Jerry C. Brewer
In more than the half century since World War Two ended, women of all ages have filled the work place. Additionally, the Feminist Movement began agitating a few decades ago for equality on the job between males and females.
Ask a young girl today what she wants to be when she becomes an adult and, chances are, she won’t say, “A homemaker.” A secular humanistic society has so tainted even the thinking of Christians that it is now expected that females will all grow up to pursue careers outside the home. These things ought not so to be. Nothing is clearer in the New Testament than that young women should be keepers at home in their God-ordained roles as homemakers.

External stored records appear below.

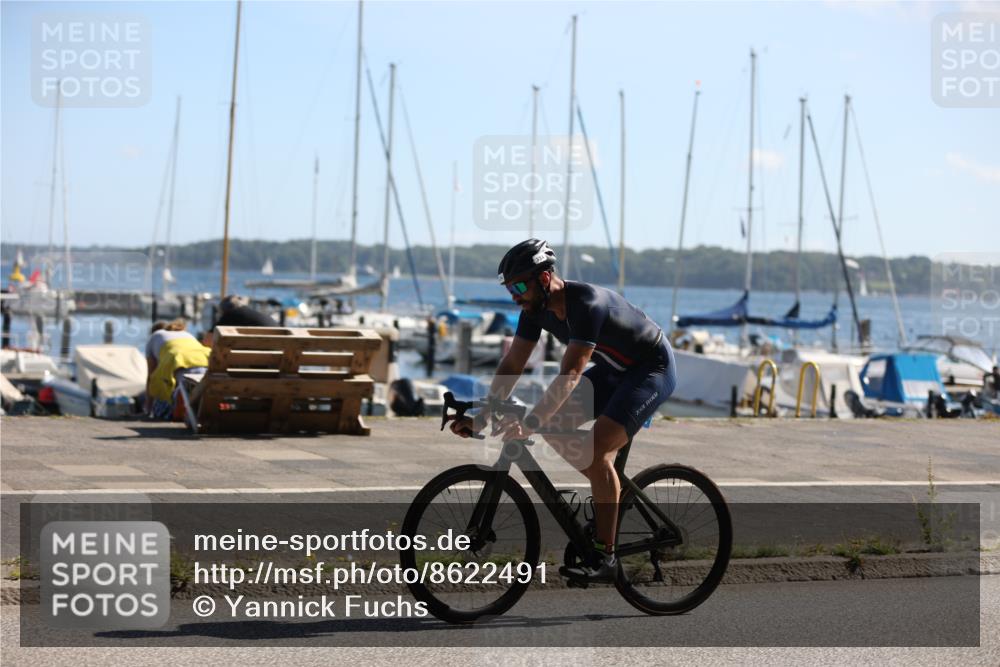 17.08.2025 - KN Förde Triathlon 2025 Yannick Fuchs http://msf.ph/oto/8622491 17.08.2025 11:10:10 Radfahren 275, 293, 302, 325, 334, 274, 302, 318, 323, 324 meine-sportfotos.de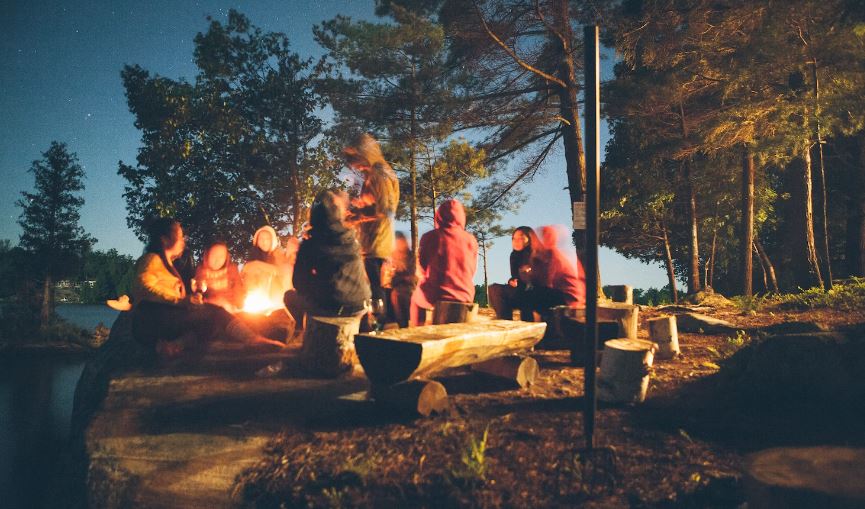 Camping, Group, Bonfire, Community, Campfire, Cottage, Church, Outdoors, Friend, Human, Flame, Forge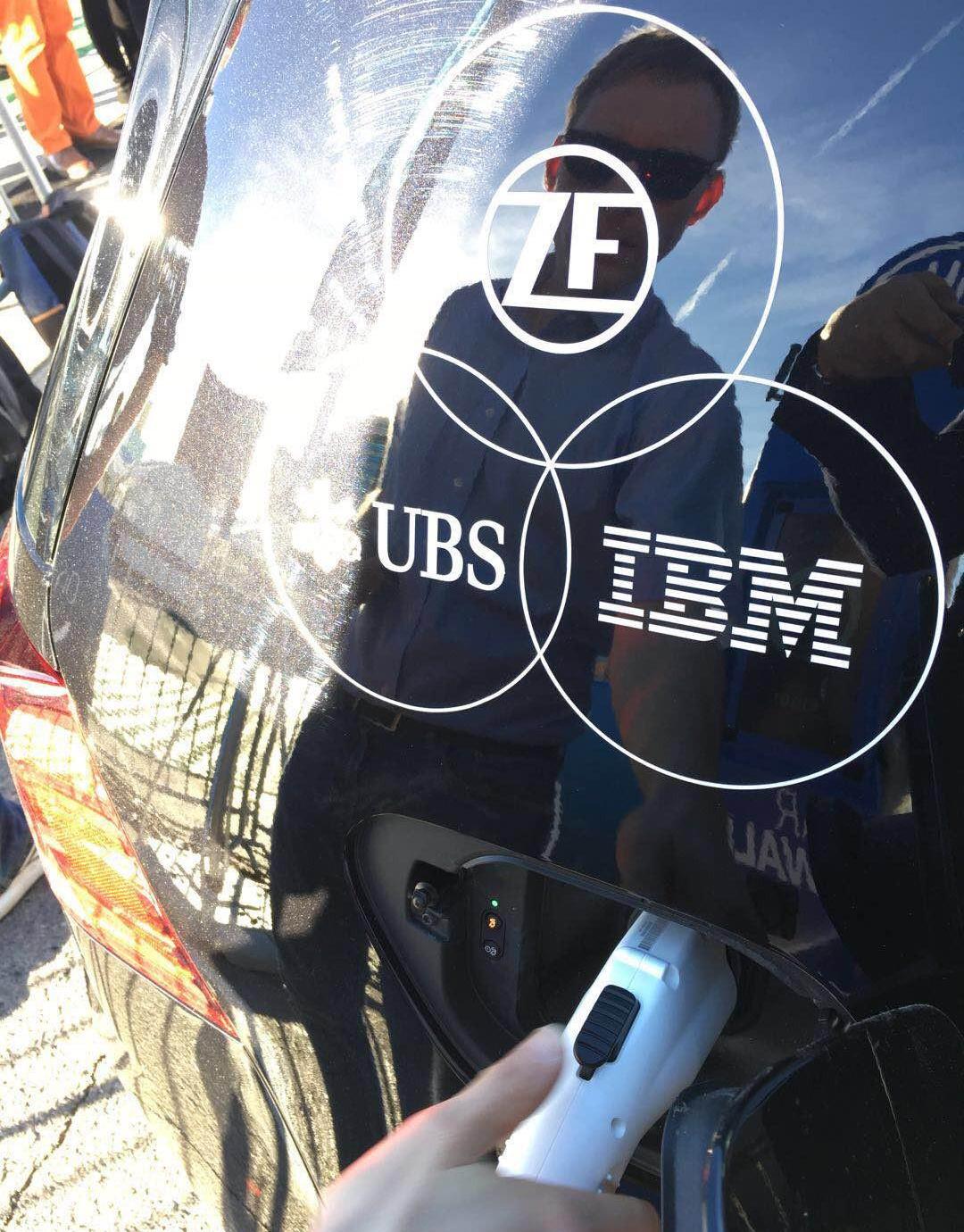 Audi, Bentley, Discovery, Tesla, Remote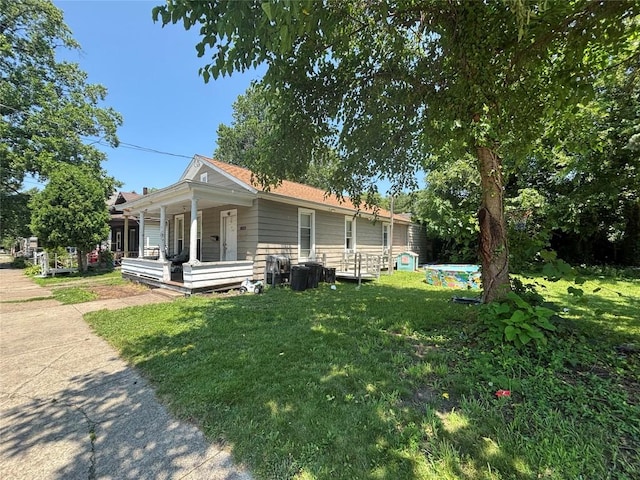 1823 Myrtle St, Erie, PA 16502 - view of front of home featuring a porch and a front lawn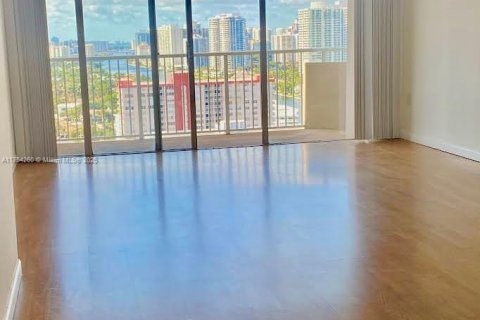 Купить кондоминиум в Халландейл-Бич, Флорида 1 спальня, 80.82м2, № 1958362 - фото 5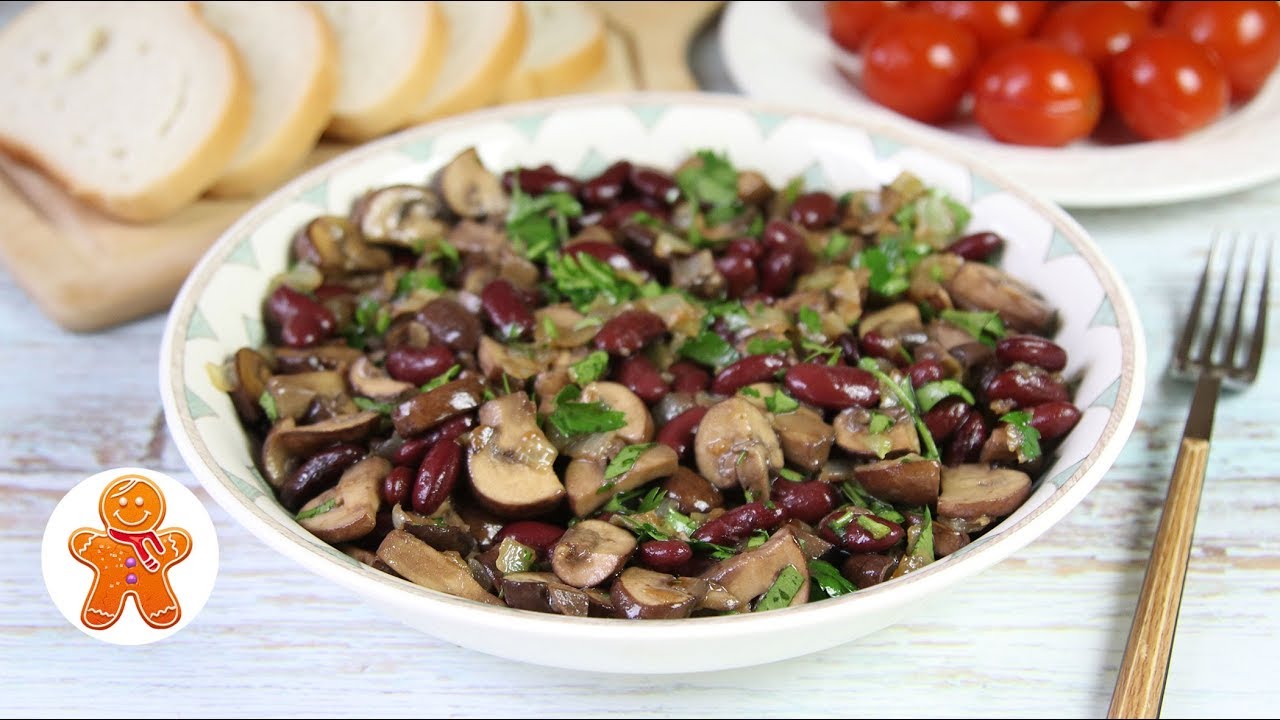 Постный салат с грибами и фасолью. Сытный и очень вкусный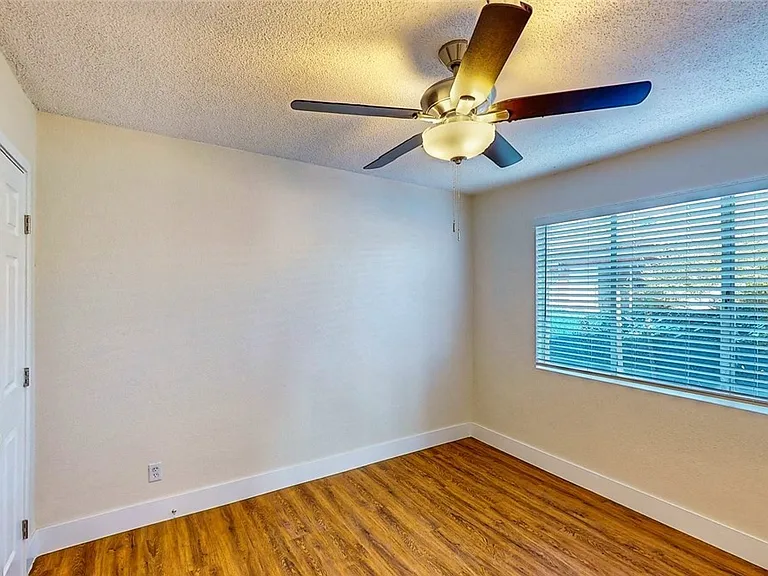 1302 Rexford Pl #1 — Photo 11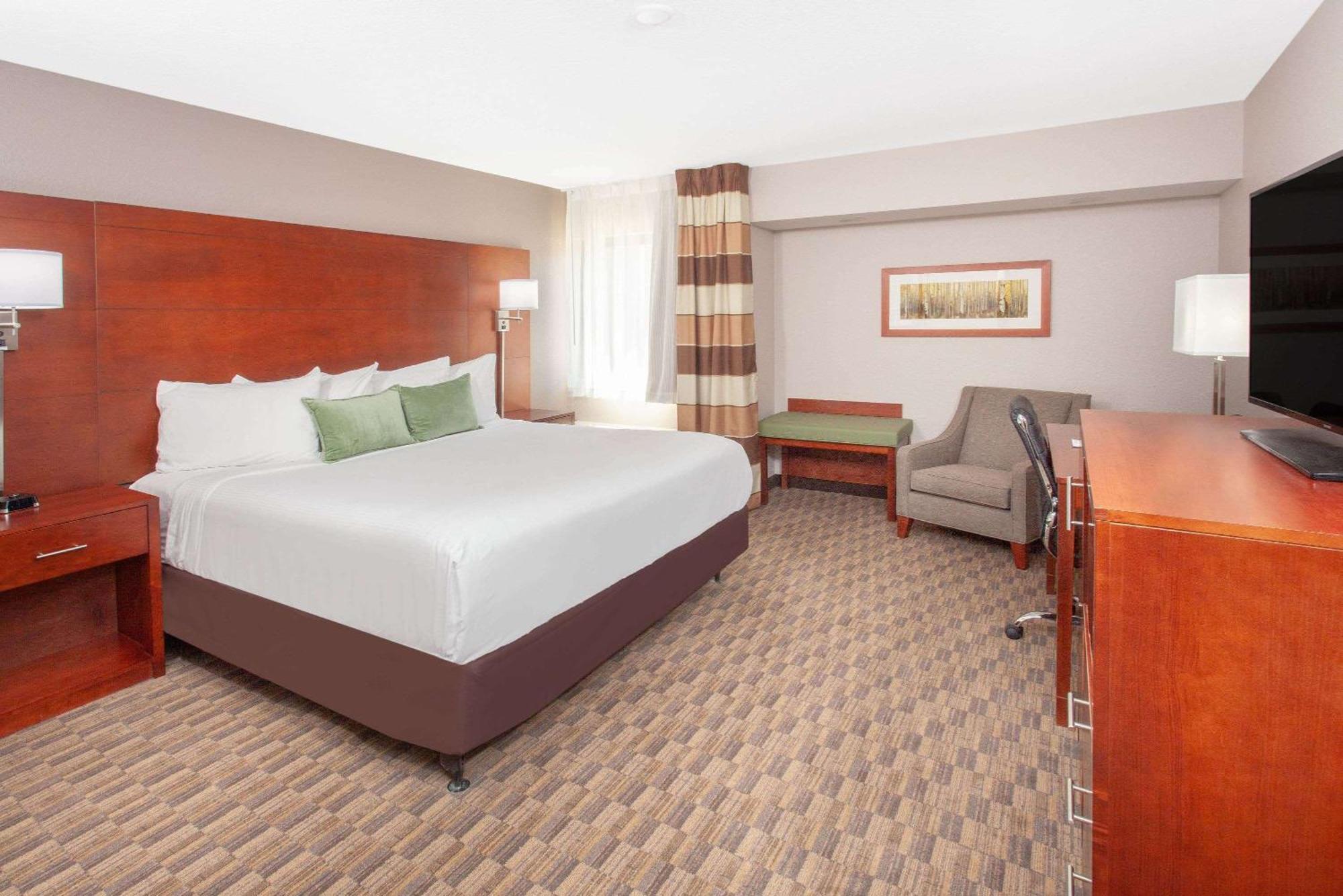 Wyndham Garden Fort Wayne Ngoại thất bức ảnh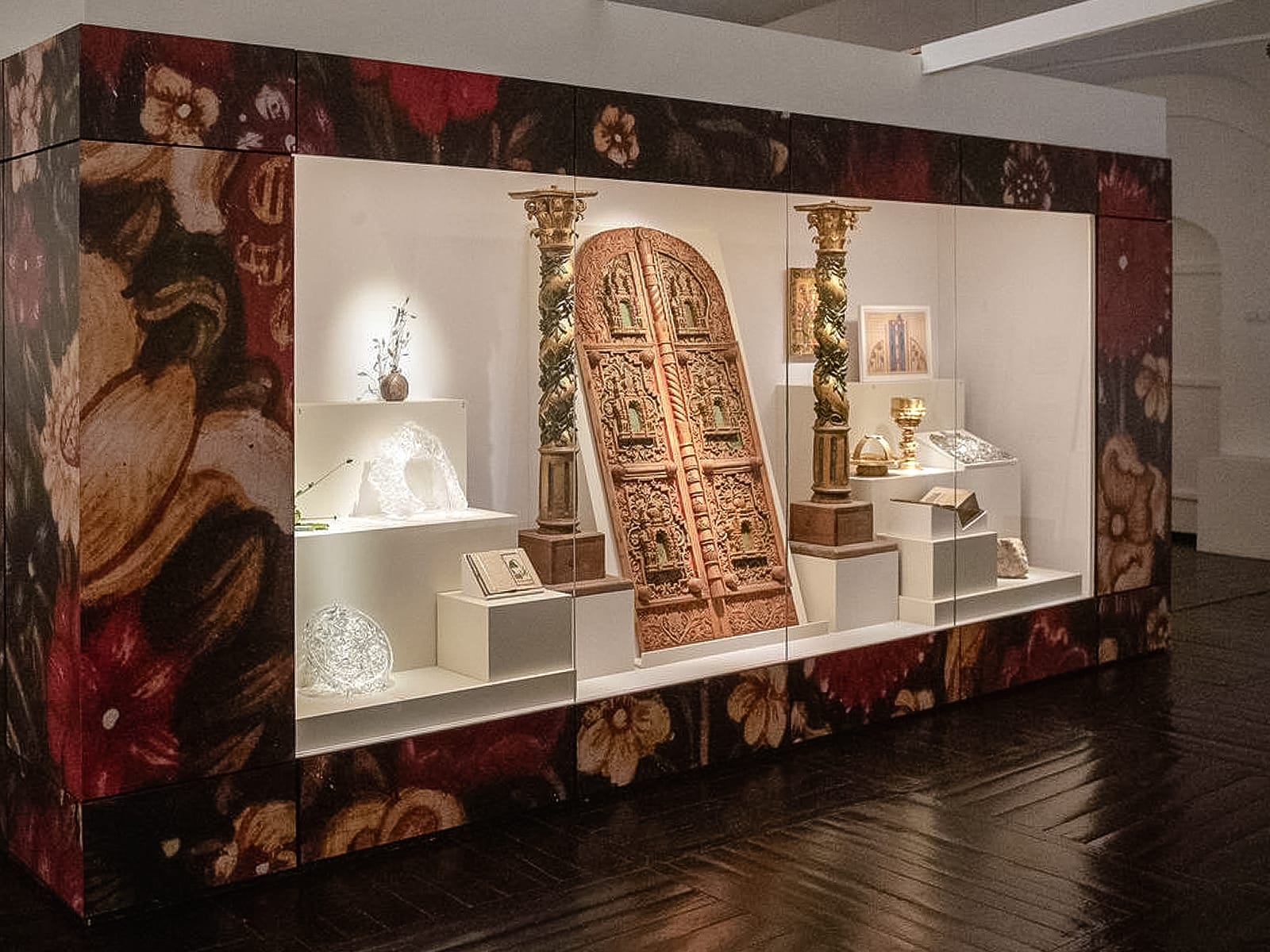 Выставка Я есть цвет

We often quote Paul’s injunction to Titus about “sound doctrine” and exclusively apply it to such things as the plan of salvation, the church, etc. But, have you ever looked at Titus 2:1 in its immediate context? The “sound doctrine” he delineates in the verses immediately following includes, (1) that older men be sober, grave, sound in faith, (2) that aged women behave themselves properly in holy behaviour and as teachers of good things, and (3) that the older women teach the younger women “to be sober, to love their husbands, to love their children, to be discreet, chaste, keepers at home, good, obedient to their own husbands, that the word of God be not blasphemed.” (Titus 2:4-5).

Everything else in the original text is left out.